Apple tax: Brussels ups the ante
There appears to be an element of grandstanding from the commission which risks inflicting further damage on Ireland
The decision of the European Commission to refer Ireland to the European Court of Justice in relation to the payment of Apple’s tax bill has escalated tensions sharply between Dublin and Brussels. By taking this course, Brussels has upped the ante significantly. There must be questions about why it has done so, as arrangements to collect the money are clearly advancing, albeit not as quickly as the commission would like. There appears to be an element of grandstanding here from the commission which risks inflicting further damage on Ireland.
A lot now hangs not only on what the European Court of Justice says in this case – if indeed its ruling is still relevant by the time it is delivered – but also on what the European courts decide about the appeals from Apple and Ireland on the original decision. The commission’s original ruling that Apple owed Ireland more than €13 billion in back tax was based on an interpretation of state aid rules which Ireland rejects.
Last year’s decision was a landmark ruling, unprecedented in its scale. The appeals process could take years and in the meantime Ireland must collect the money and hold it in an escrow account.
Ireland’s case is that this is complicated, that a lot of money is involved and that calculating Apple’s exact liability under the ruling and setting up a mechanism to collect it take time. The commission says that a year on not a cent has been collected. While we are not privy to the detail of what has passed between Dublin and Brussels, the annoyance in Government here at the commission’s latest move was palpable.

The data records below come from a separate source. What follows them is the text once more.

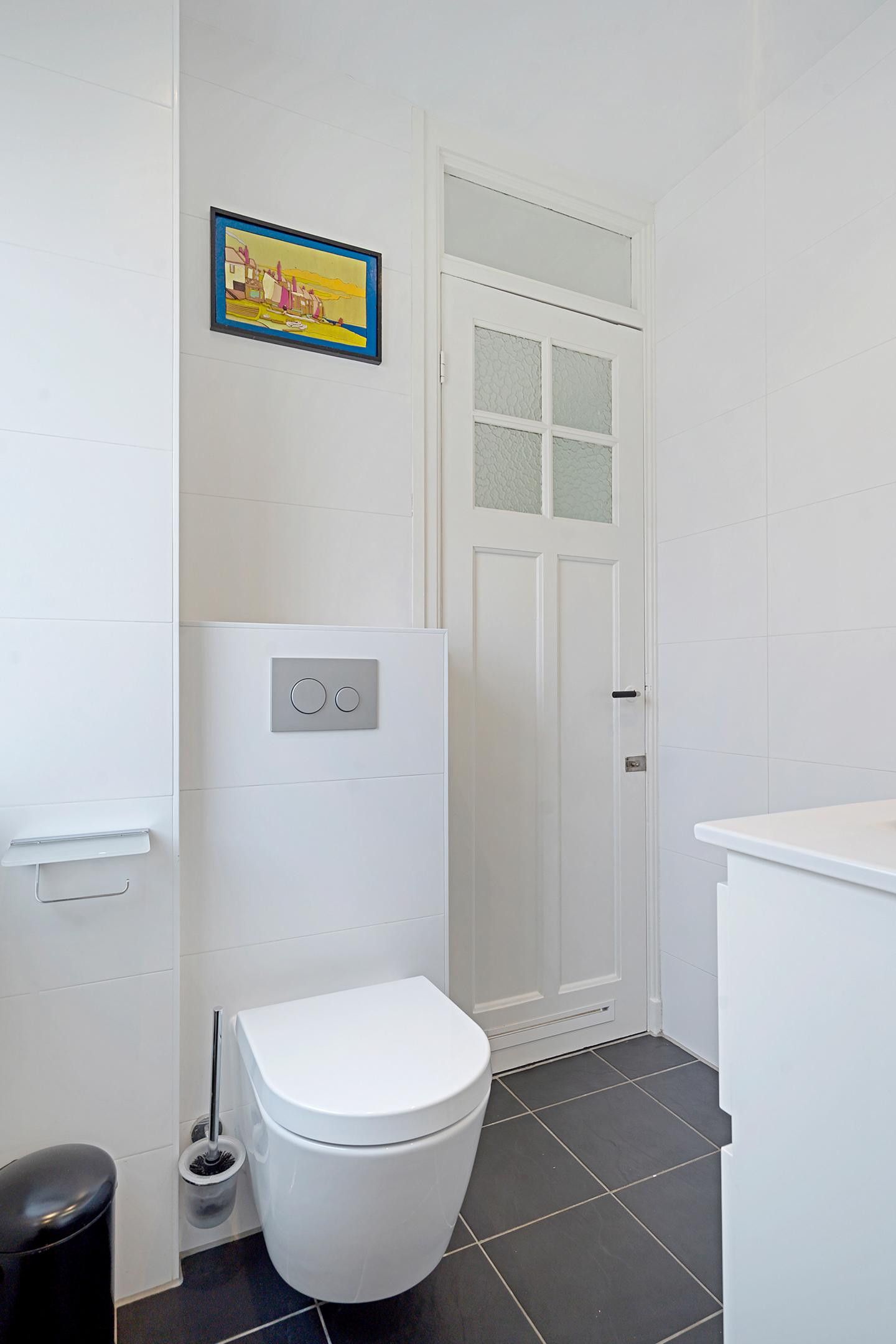 Foto 19 van Lambrecht van Dalelaan 33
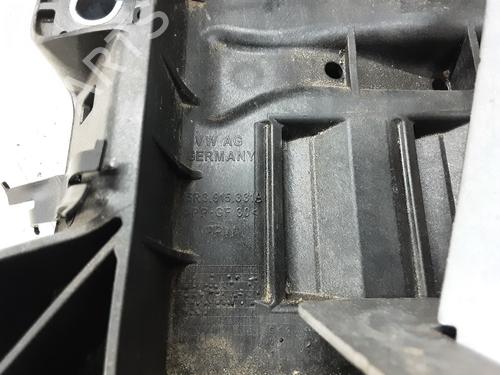 Støtte VW TIGUAN (CT1) 1.5 eTSI | BP31708497C155 - Image 2
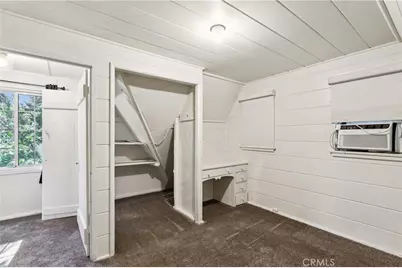 787 Sierra Vista, Twin Peaks, CA 92391 - Photo 16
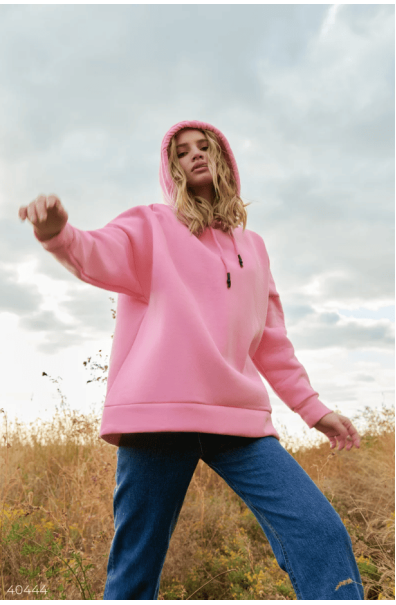 cotton jacket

Deteriorating relations between Dublin and Brussels are not welcome. And there is a wider context here, both in relation to the EU moves on corporate tax and the bigger question about whether Brussels is using state aid rules to interfere in an area which should be under national control. Ireland looks to be facing some battles here in the months ahead – an unwelcome situation when we rely on Brussels to help limit the economic and political damage of Brexit.